Stefan Hanß
Zwischen Istanbul und Venedig: Eine Dragomanenfamilie und ihre Reisen im Mittelmeerraum (ca. 1610-1630)
Geschichte der Frühen Neuzeit (University of Cambridge, Prof. Ulinka Rublack)
Das Forschungsstipendium dient der Edition eines bislang unbekannten Selbstzeugnisses: Anfang des 17. Jahrhunderts reiste Gianesino Salvago, osmanischer Sultansuntertan und Dragomane in venezianischen Diensten, vom Machtzentrum des Osmanischen Reiches aus bis an die venezianische Adriaküste. Der von ihm verfasste Bericht der Balkanreise liefert außergewöhnliche Einsichten in frühneuzeitliche Kulturkontakte zwischen Venedig und dem Osmanischen Reich. Aufgrund ausführlicher geografischer, sozialer, ökonomischer, politischer und militärischer Angaben ermöglicht die Quelle seltene Aussagen über lokale Realitäten in den umstrittenen Grenzregionen zweier Imperien. Vor allem der osmanisch-venezianische Balkanhandel und die diplomatischen Wirren, Spionageaktivitäten und politische Konflikte Venedigs mit den Osmanen, Ragusa, Spanien und Neapel werden behandelt.

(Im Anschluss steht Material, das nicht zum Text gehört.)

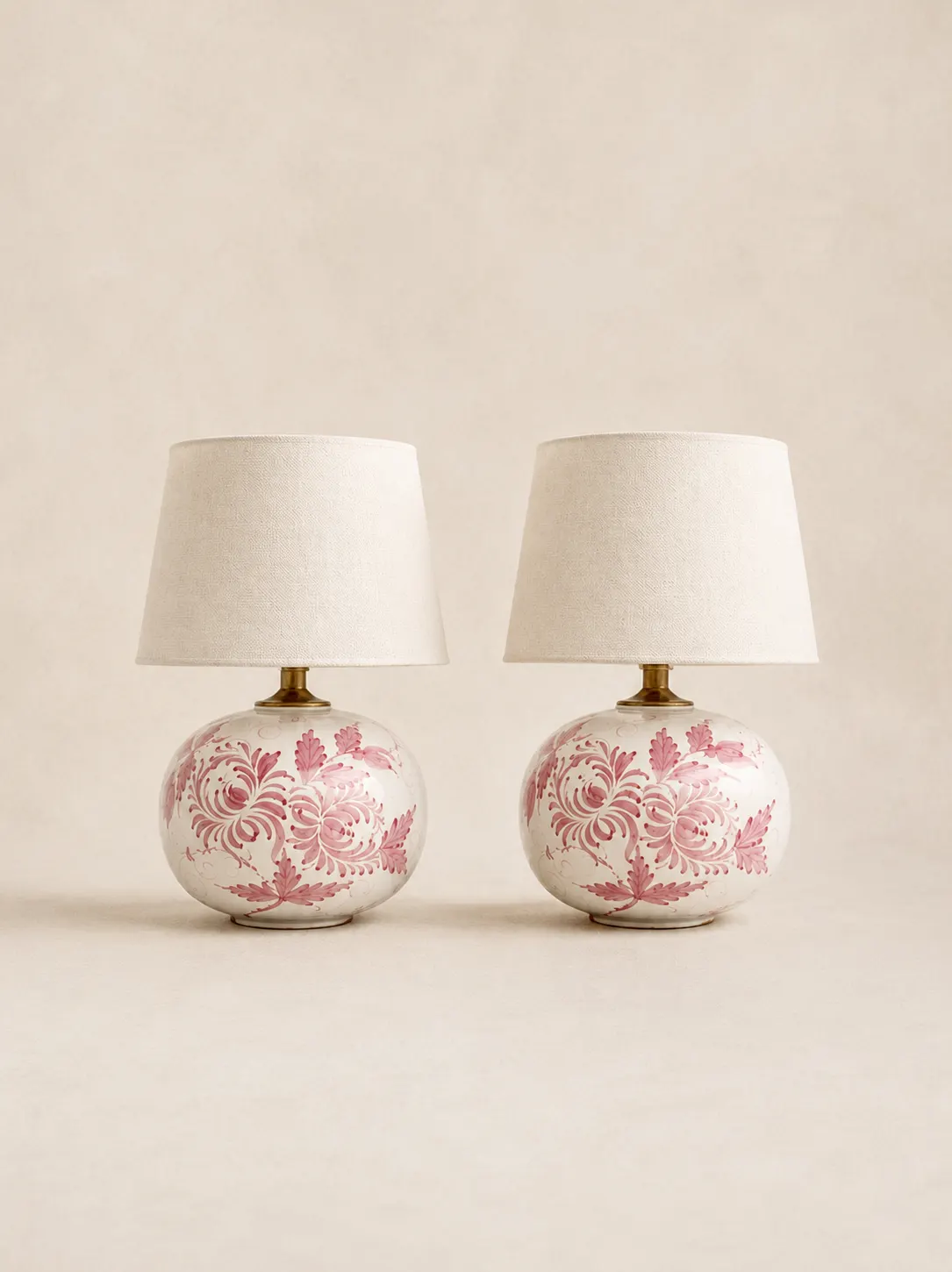 Pair of hand-painted pink floral ceramic table lights with linen shades.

Die Studie rekonstruiert den alltäglichen, merkantilen und diplomatischen Austausch in venezianisch-osmanischen Grenzgebieten auf der Balkanhalbinsel. Zudem steht das self-fashioning eines in transkulturellen Kontexten agierenden Sprachexperten im Mittelpunkt, weshalb auch die weiteren Tätigkeiten und Reisen der Familie Salvago erforscht werden. Gianesinos Balkanreise wird zum Beispiel im Hinblick auf eine weitere Reise kontextualisiert, die der Bruder des Verfassers, ebenfalls ein Dragomane in venezianischen Diensten in Istanbul, wenige Jahre später durch Nordafrika unternahm. Die Studie stellt damit nicht nur einen Beitrag zur venezianisch-osmanischen Diplomatiegeschichte dar, sondern rekonstruiert gesamtmediterrane Geschichte anhand eines spezifischen Selbstzeugnisses.